PROBLEM DETAILS → Transcribe every entry that follows exactly, omitting all pictures.

PROVIDED INFORMATION: Begin

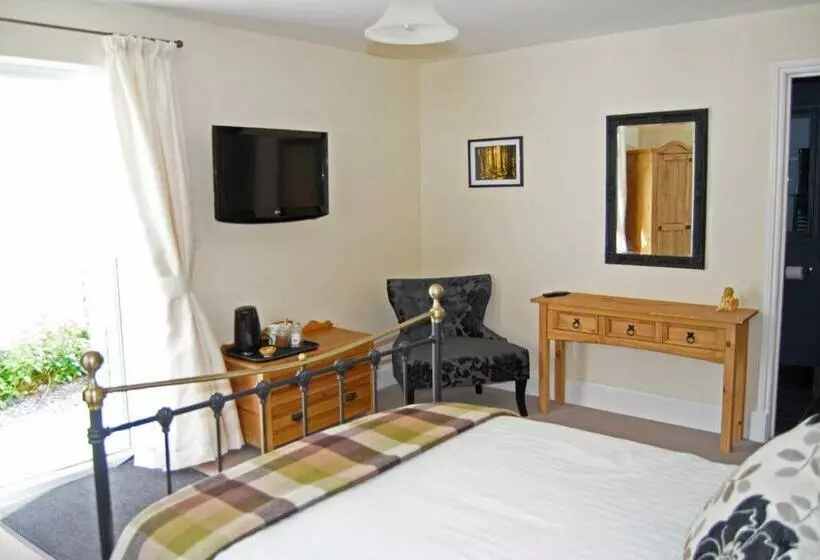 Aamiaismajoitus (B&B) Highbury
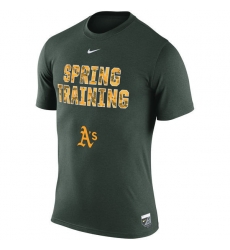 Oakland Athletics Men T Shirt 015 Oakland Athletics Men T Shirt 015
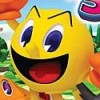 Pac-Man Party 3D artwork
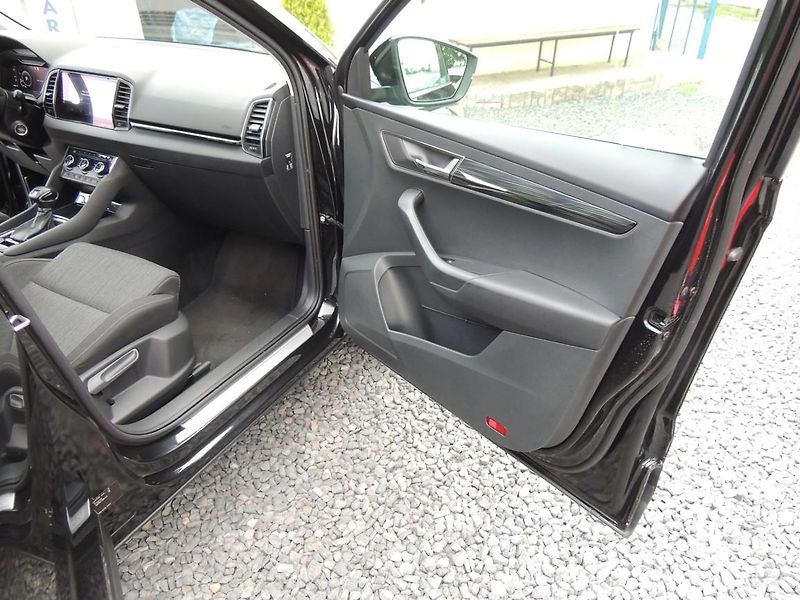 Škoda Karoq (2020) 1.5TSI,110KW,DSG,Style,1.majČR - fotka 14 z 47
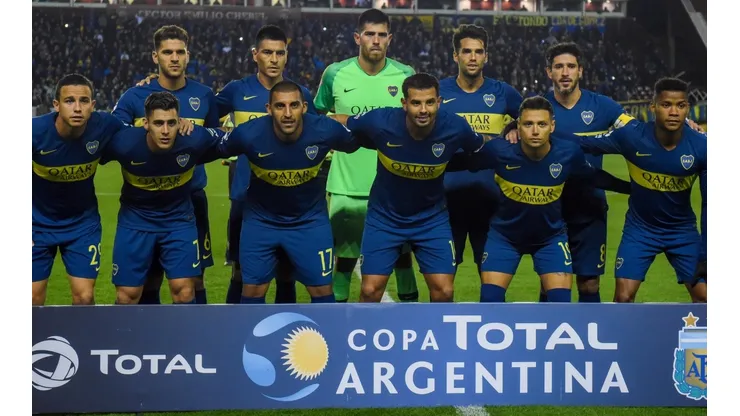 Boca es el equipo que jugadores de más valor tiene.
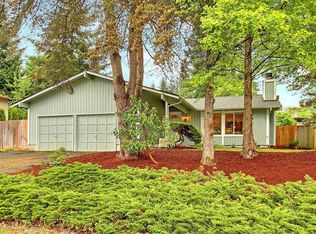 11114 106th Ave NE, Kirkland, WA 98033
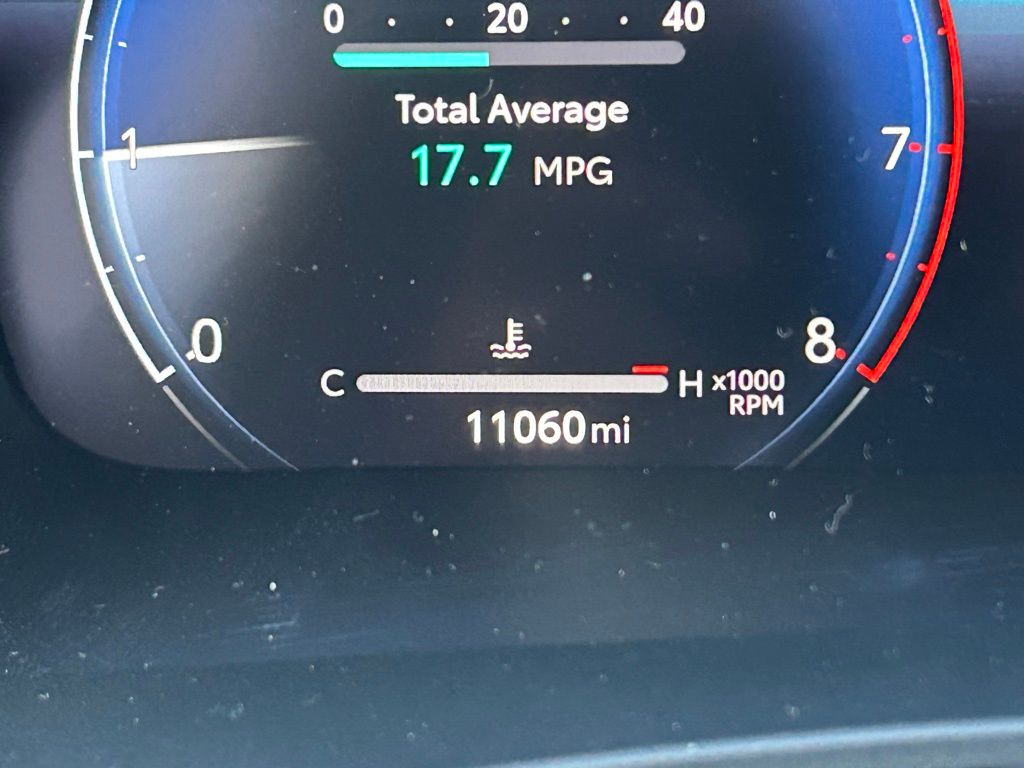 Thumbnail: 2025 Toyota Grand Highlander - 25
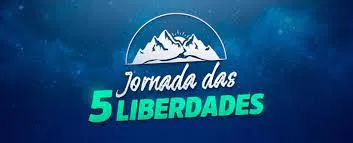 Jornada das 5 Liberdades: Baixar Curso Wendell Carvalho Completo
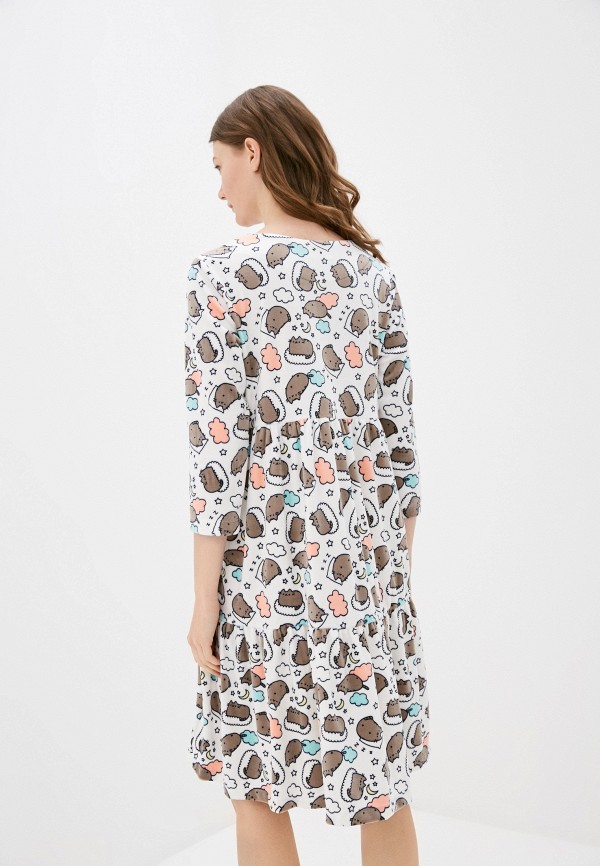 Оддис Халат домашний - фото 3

PROVIDED INFORMATION: End

SOLUTION →
 Aamiaismajoitus (B&B) Highbury
 Oakland Athletics Men T Shirt 015 Oakland Athletics Men T Shirt 015
 Pac-Man Party 3D artwork
 Škoda Karoq (2020) 1.5TSI,110KW,DSG,Style,1.majČR - fotka 14 z 47
 Boca es el equipo que jugadores de más valor tiene.
 11114 106th Ave NE, Kirkland, WA 98033
 Thumbnail: 2025 Toyota Grand Highlander - 25
 Jornada das 5 Liberdades: Baixar Curso Wendell Carvalho Completo
 Оддис Халат домашний - фото 3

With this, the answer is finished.